Shropshire outdoor education charity the Field Studies Council has hailed the introduction of a new natural history GCSE as a ‘major win’ for young people and the environment but warns that learners of all ages must be given the chance to explore the natural world first hand.
Environmental education specialists at the charity have been heavily involved in the long-running campaign to bring about the new qualification, officially announced by the Department for Education this week.
Mark Castle, Chief Executive of the Field Studies Council, said introduction of the new subject represented a landmark moment for the campaign and the future of environmental education in schools.
“The launch of the new natural history GCSE is a major win for young people and the environment, and we are delighted to have played our part alongside many individuals, environmental organisations and leading exam board OCR in making it happen,” he said.

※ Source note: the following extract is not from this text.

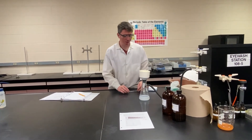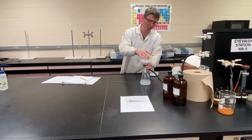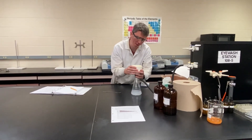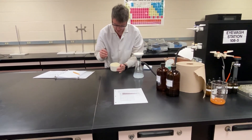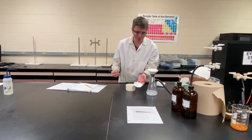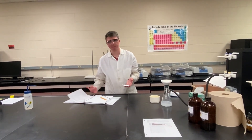Once our precipitate is dry, we're going to go ahead and get its mass. First thing we need to do is turn the vacuum off. Next thing we want to do is release that vacuum — sometimes it'll do it on its own and you can lift the funnel out; sometimes you may need to break that seal a little bit. A lot of these funnels are nice because the top half comes off as well. Take that off to really get to our precipitate, and try to just bend that paper up. Now that we've retrieved our precipitate, which should be fairly dry, we can go get its mass and then continue on with all of the stoichiometric calculations to get our percent yield.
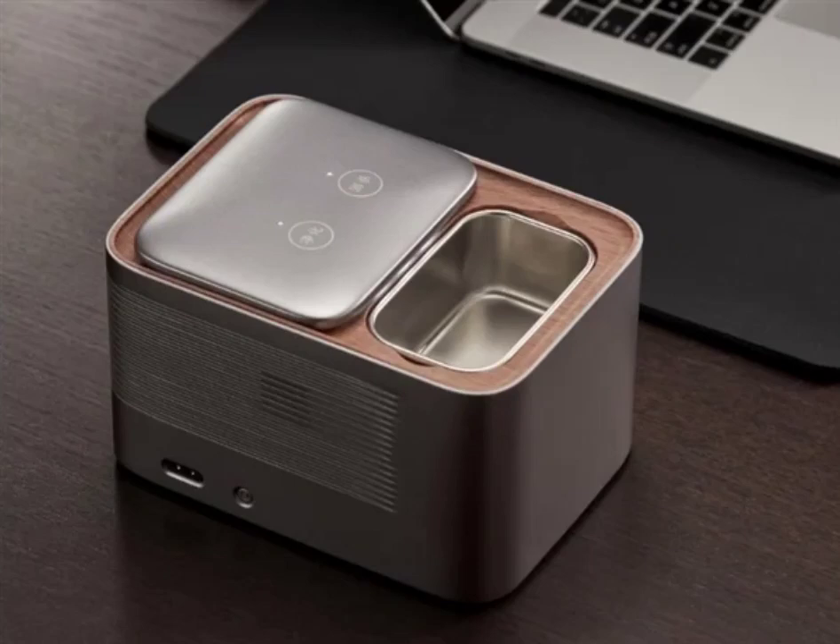A crowdfunding campaign for the Puel Smart Ashtray has been launched on Xiaomi Upin. The Smart Ashtray is claimed to be capable of removing odors and purifying secondhand smoke, and supports magnetic charging. It is designed to reduce air pollution when a smoker is in the room and will reduce the inhalation of secondhand smoke for non-smokers.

“This new qualification will give older secondary school learners the opportunity to study the natural world in greater depth and help them to develop the passion and skills they need to care for and protect the environment now and in the future.
“The subject will have much broader input from science, humanities and the arts and will therefore engage young people in the natural world in many different ways.
“It will meet demand demonstrated by young people themselves who have a desire to understand the environment in which they live. It will also be an important qualification for those students wanting to work in the environmental sector and play their part in helping to combat biodiversity loss and limit the impact of climate change — it really does mark an extraordinary moment in the development of the GCSE curriculum.
“However, while this is great news for older students, we must ensure that learners of all ages and not just those who study a natural history GCSE have opportunities to explore the natural world first hand and are given the chance to connect with nature and experience high quality outdoor learning as a core part of their time at school.
“We must encourage children to be curious and passionate about the natural world from a young age so that they can make informed choices about how they protect it as they grow and develop and as a charity, we will continue to campaign for this.”
Each year the Field Studies Council, which has its headquarters at Montford Bridge near Shrewsbury, welcomes in the region of 150,000 learners to its UK network of residential field studies centres, many of which are in some of the most stunning and diverse natural environments.
It has been teaching environmental education for nearly 80 years and runs a range of specialist courses in geography, biology and ecology-related subjects as well as a host of creative art and leisure courses, giving people of all ages access to its centres, outdoor spaces and skilled tutors.
Its education team will now work in partnership with the teaching profession and exam boards to create a range of courses and resources to support those who decide to study and teach the new subject when it becomes available in 2025.